What the exercise asks
Only the lines in the entries below from the line with "Корзины Плетение из бумажной лозы" to the line with "Yoga - Kochschürze", both included, belong in the answer, transcribed exactly and without pictures.
====== Data extracts ======
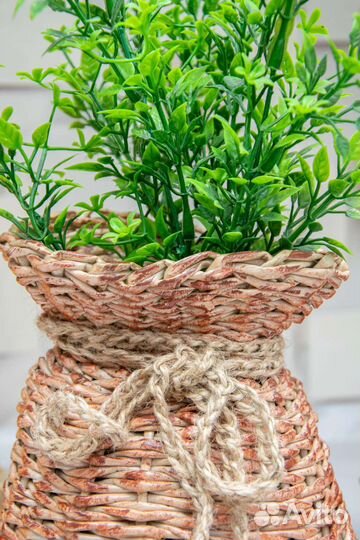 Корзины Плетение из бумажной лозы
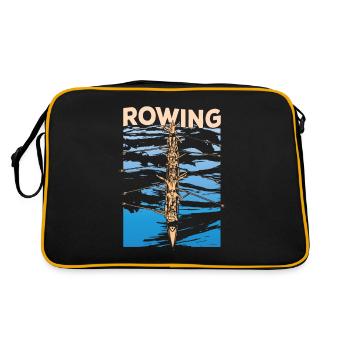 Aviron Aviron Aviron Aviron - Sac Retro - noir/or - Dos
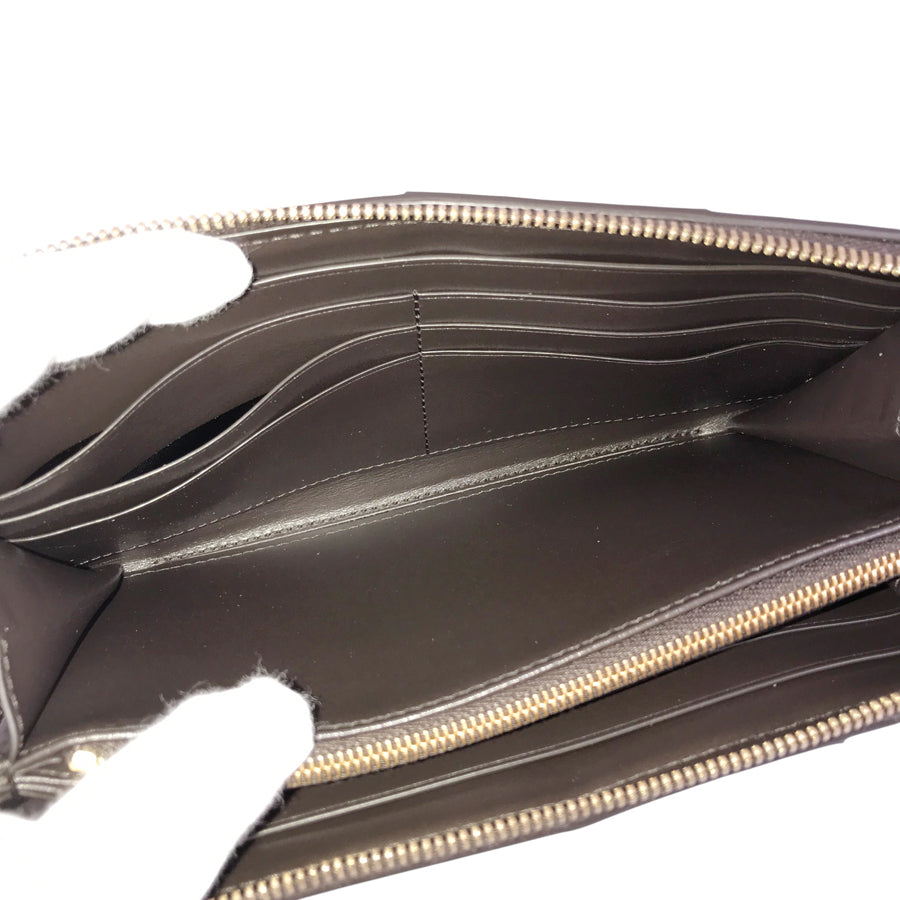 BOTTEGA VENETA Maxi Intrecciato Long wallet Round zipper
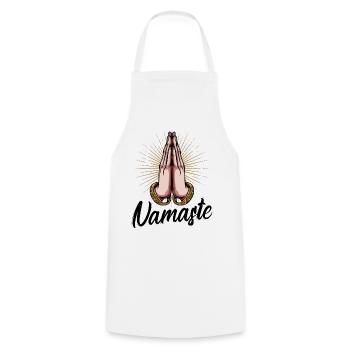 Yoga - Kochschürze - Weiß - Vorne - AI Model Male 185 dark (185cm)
======
====== Data extracts ======
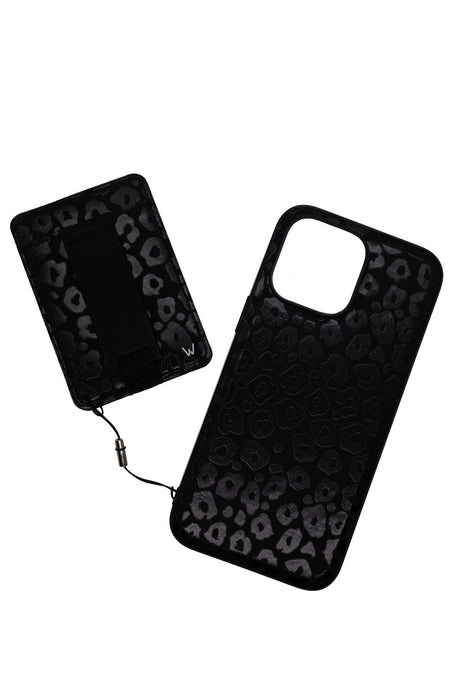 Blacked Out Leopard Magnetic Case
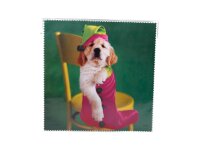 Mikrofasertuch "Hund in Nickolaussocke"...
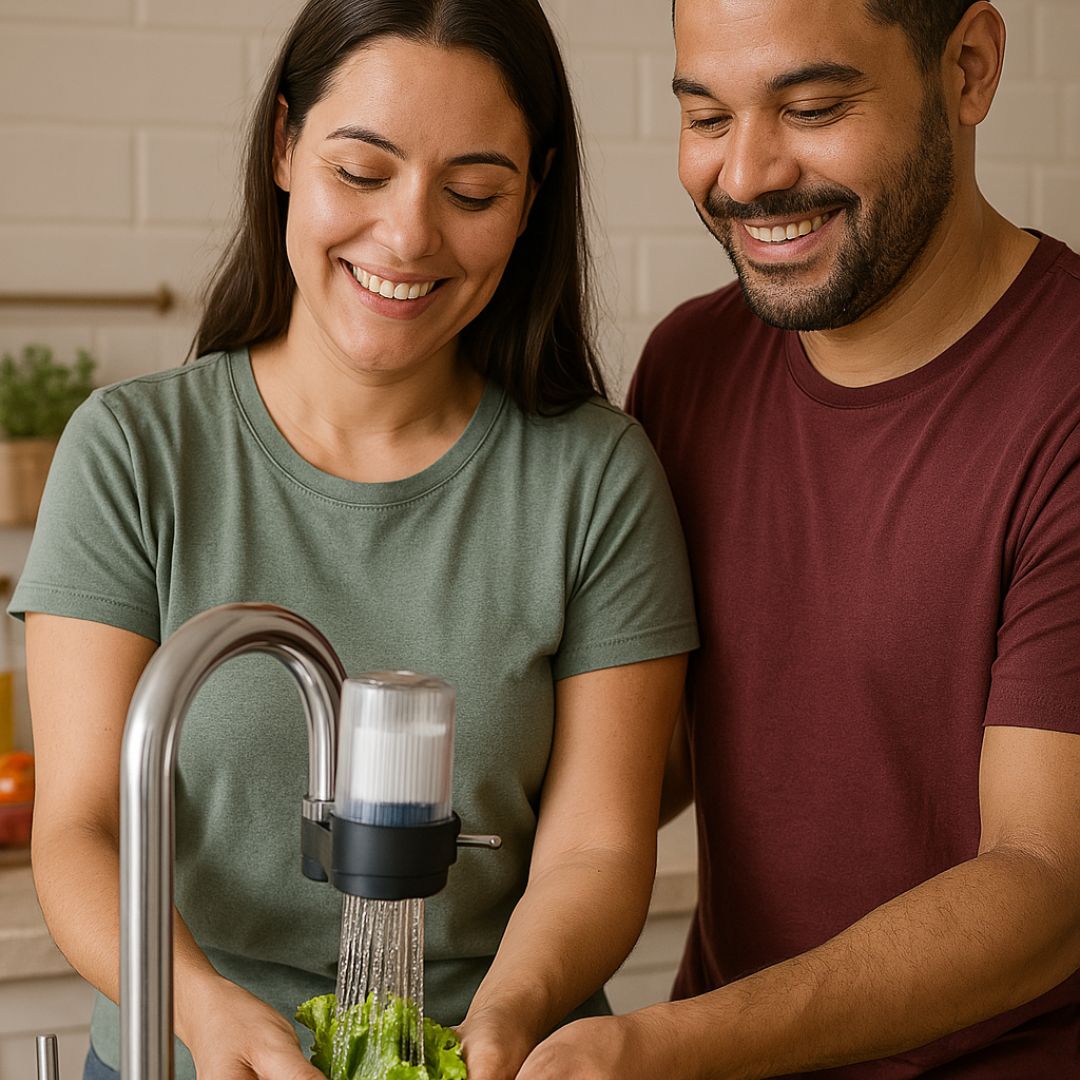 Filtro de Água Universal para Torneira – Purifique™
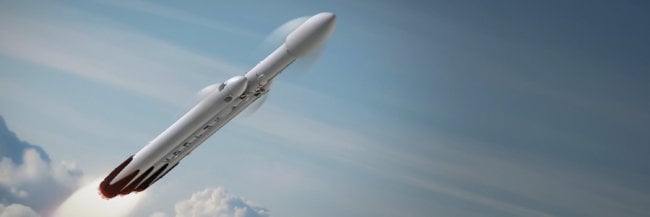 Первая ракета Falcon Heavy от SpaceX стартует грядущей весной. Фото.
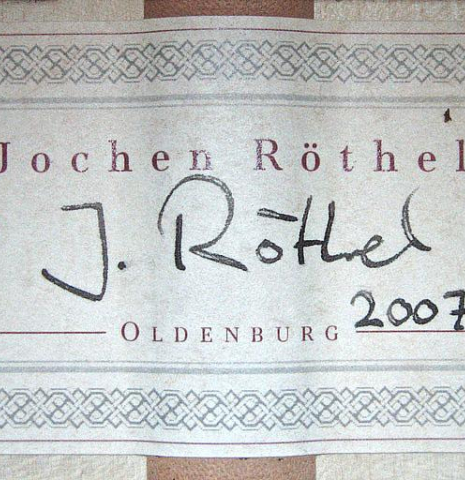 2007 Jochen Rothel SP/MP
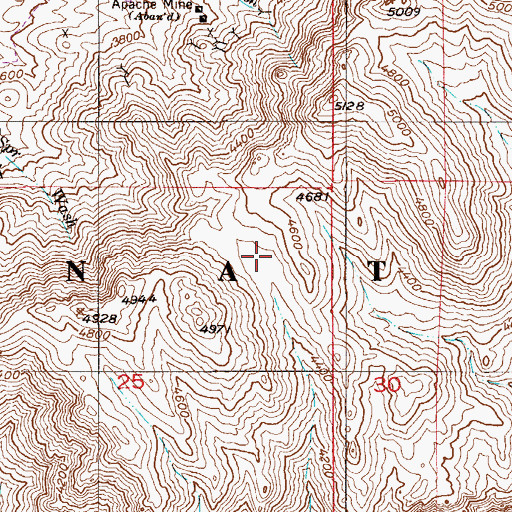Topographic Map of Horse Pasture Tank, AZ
======
====== Data extracts ======
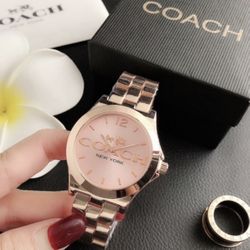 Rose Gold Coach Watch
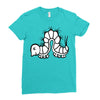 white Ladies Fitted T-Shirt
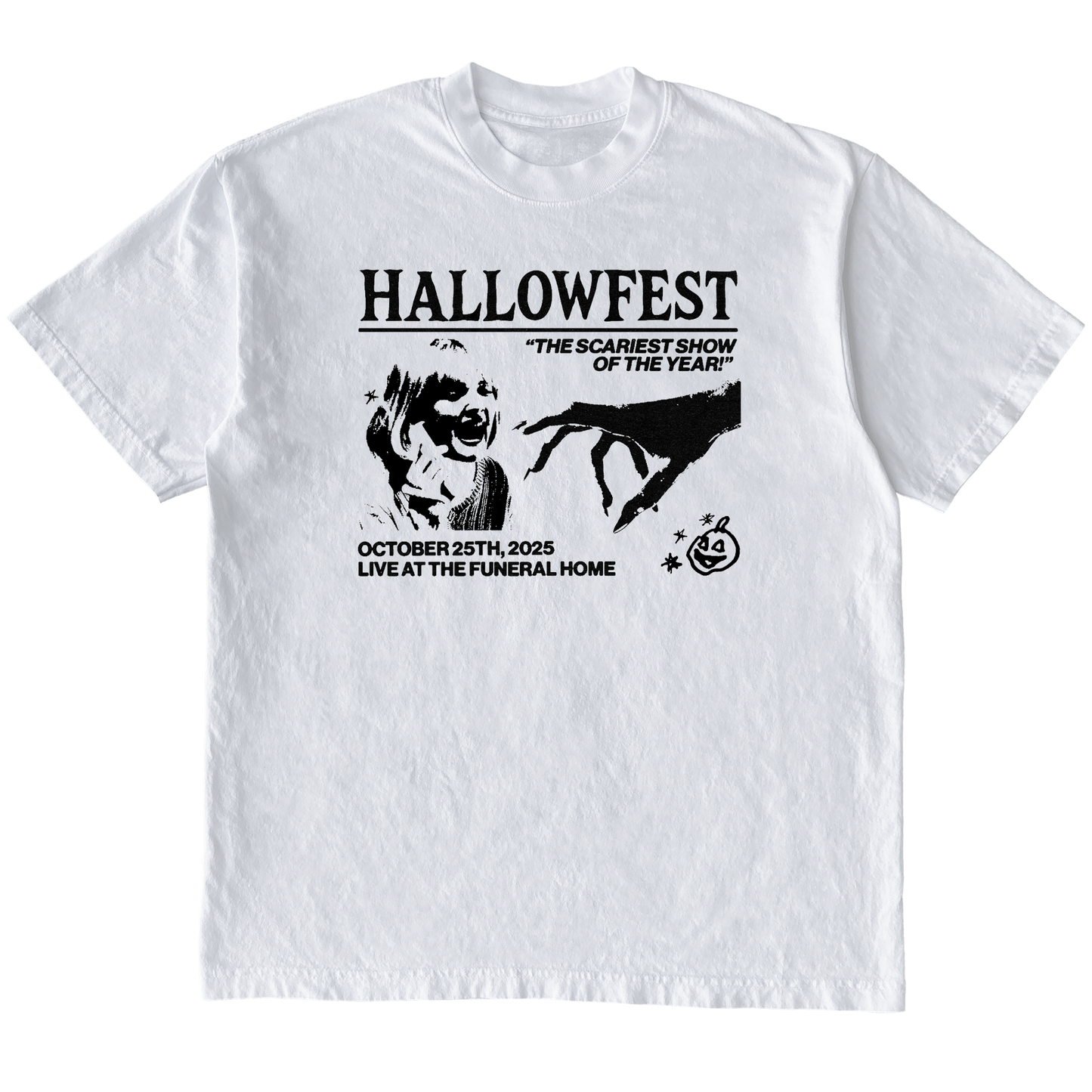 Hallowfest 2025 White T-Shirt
======
Answer box
 Корзины Плетение из бумажной лозы
 Aviron Aviron Aviron Aviron - Sac Retro - noir/or - Dos
 BOTTEGA VENETA Maxi Intrecciato Long wallet Round zipper
 Yoga - Kochschürze - Weiß - Vorne - AI Model Male 185 dark (185cm)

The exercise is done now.